Questa è una compagnia stabile proprio perché in un carcere penale le pene sono lunghe. C’è un aspetto terribile nelle lunghe pene, ma questi detenuti se decidono di fare qualcosa, lo possono fare sul serio. Sono circa un’ottantina, ed è rappresentato il mondo. Sono fortunato di avere una compagnia multietnica, l’Italia è rappresentata tutta, e poi ci cono persone che arrivano da Albania, Romania, Ucraina, Serbia, Nordafrica, Africa subsahariana. I miei attori sono stati molto contenti del Leone, mi hanno anche preso in giro. “Ma dove vogliamo arrivare?” hanno detto. Sono stati molto affettuosi.

La sua Compagnia ha anche prodotto un grande attore come Aniello Arena, candidato ai David di Donatello per Reality di Matteo Garrone.

Aniello ha scontato la sua pena, oggi lavora per il cinema e per il teatro. Sono felice che continui la sua strada di attore professionista.

Che tipo di cambiamento ha visto negli attori che lavorano con lei?

Lo stesso processo che vale anche per me. C’è una possibilità di aprire una breccia in noi e il nostro lavoro porta risultati in tutti noi.

Quanto ha dovuto lottare agli inizi per il suo teatro?

Quanto è difficile ancora oggi. Siamo nel carcere, il luogo di massima chiusura, e il teatro è il luogo di massima libertà. C’è un continuo scambio e sano conflitto quotidiano con l’idea che rappresenta, ma è stato molto difficile all’inizio. Perché nessuno capiva il perché e anche oggi nella pratica quotidiana trovi persone che non capiscono il perché. Ma per me è uno stimolo: non posso addormentarmi sugli allori.

Come sarà lo spettacolo Naturae che debutterà alla Biennale Teatro di Venezia? Naturae. La valle della permanenza è un lavoro che tende a non volere fare copia della realtà, un modo per indicare che c’è altro nell’essere umano.
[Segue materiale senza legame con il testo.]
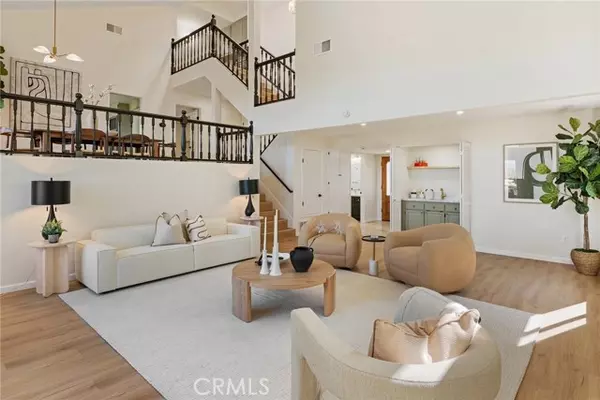 Escondido, CA 92025,728 Inspiration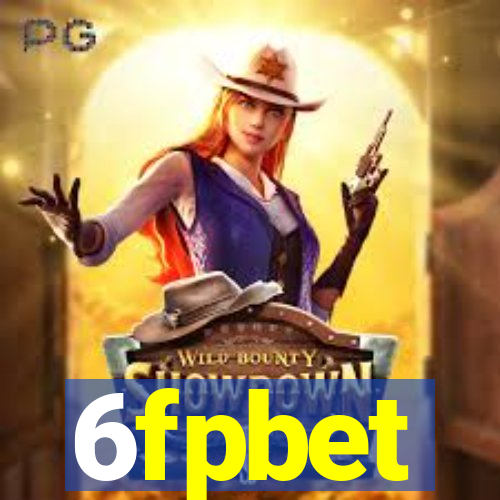 6fpbet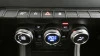 Renault Captur TCe GPF Micro Hibrido Techno 103kW Renault Captur TCe GPF Micro Hibrido Techno 103kW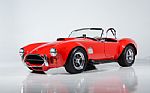 1965 Cobra Thumbnail 3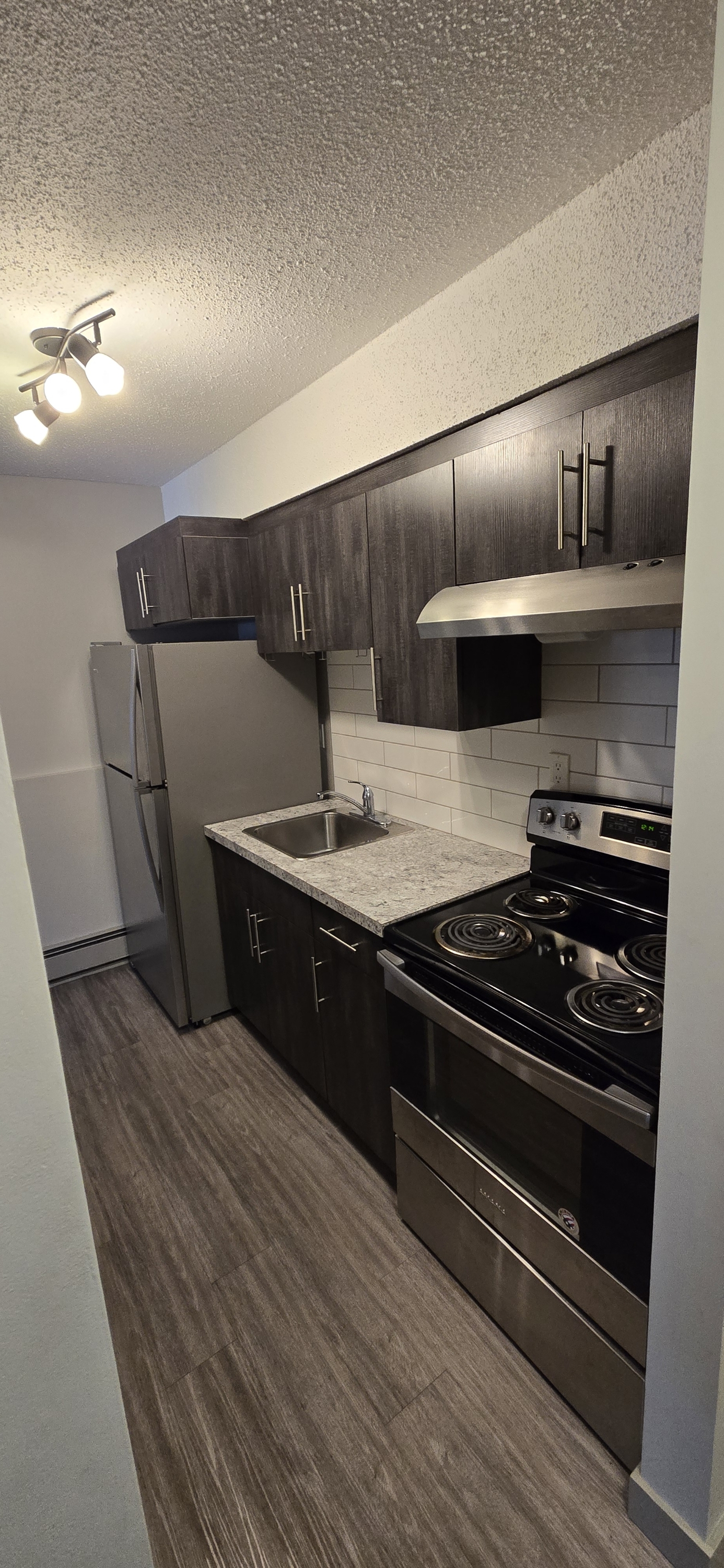 3815 51A Street - 102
Questo lavoro dura da 8 anni, con diversi spettacoli dove abbiamo lavorato su tutta l’opera di Shakesperae. L’umanità che lui ci consegna è una gabbia, sembra che non ci sia altra possibilità di umanità. Quando dicono che Macbeth e Otello sono ancora attuali, vuol dire che l’essere umano non è modificato. Il nostro lavoro dimostra invece che è possibile allontanarci dall’essere umano come descritto da Shakespeare. Dopo abbiamo incontrato Borges che ha raccontato una umanità più bidimensiona-le, che comporta uno sforzo in più, un interrogarsi. Fino a Naturae che arriva alla concretezza dell’uomo.
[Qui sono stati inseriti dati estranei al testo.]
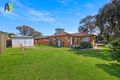 Property photo of 3 Santiago Place Seven Hills NSW 2147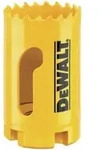 DEWALT Lochs&auml;ge Bi-Metall Extreme 32mm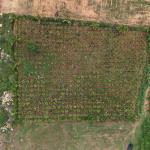 1 Acre Land for Sale – New National Highway Attached, Chitradurga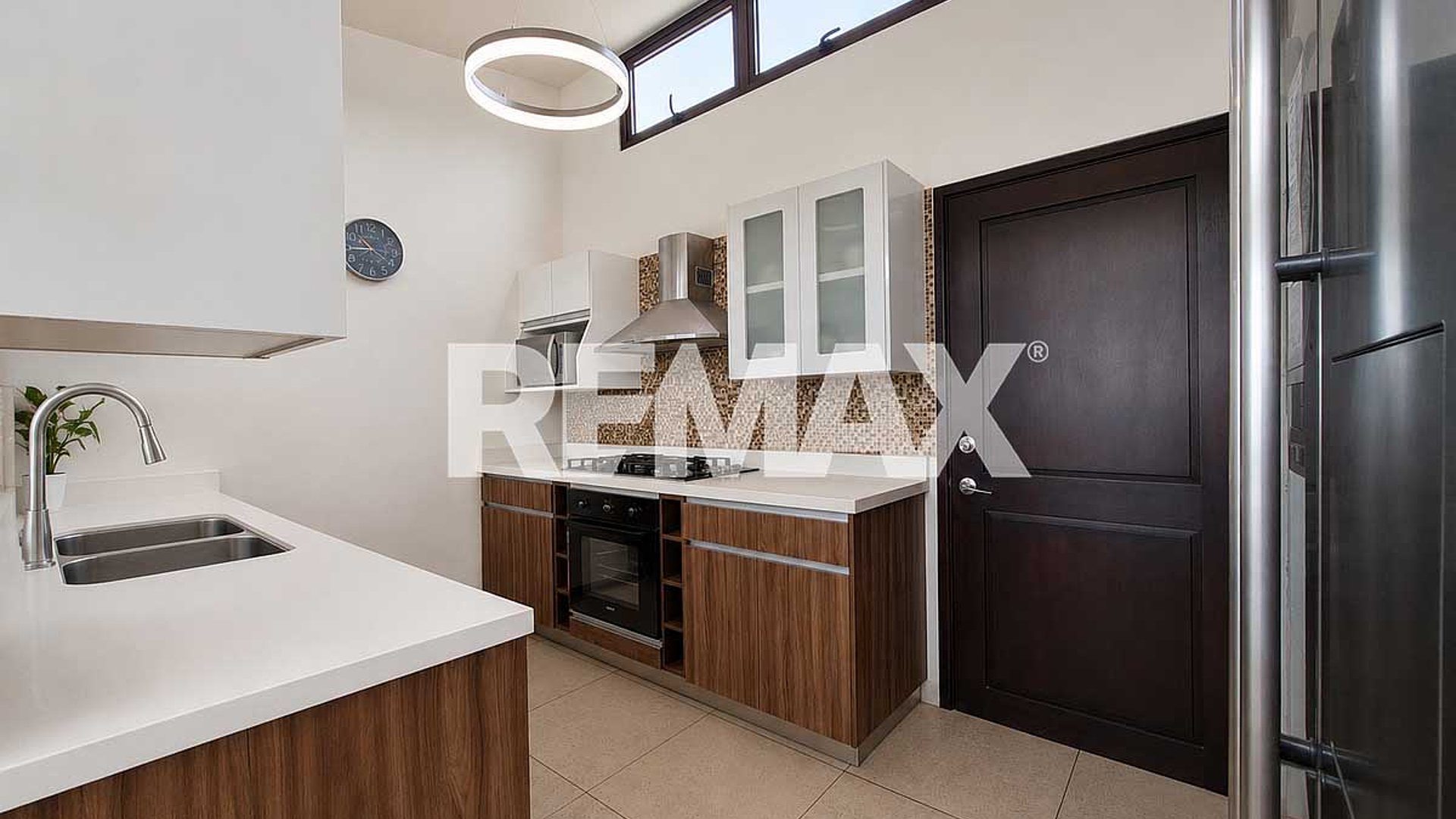 Casa en Venta | Muxbal, CAES - Miniatura 4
A proposito di concretezza, presto avrete un vero teatro all’interno della Fortezza di Volterra.

Finalmente sì. E’ stato fatto un bando, vinto da Mario Cucinella un architetto importante, di sensibilità rara. Ha disegnato una sala polivalente all’interno del carcere in armonia con la struttura medicea. Col nuovo teatro immaginiamo una stagione teatrale anche in inverno, mentre ora le rappresentazioni sono solo d’estate nei cortili. Sarà importante anche per la formazione professionale ai diversi mestieri del teatro, che già abbiamo avviato, dove si formeranno macchinisti, scenografi, tecnici del suono e delle luci. Uno dei miei sogni è che il teatro venga aperto a tutte le scuole a livello nazionale affinché possano venire a discutere degli spettacoli. Io cerco di superare le barriere, di non fare teatro di rappresentazione, da spiare, ma che sia parte della nostra esistenza.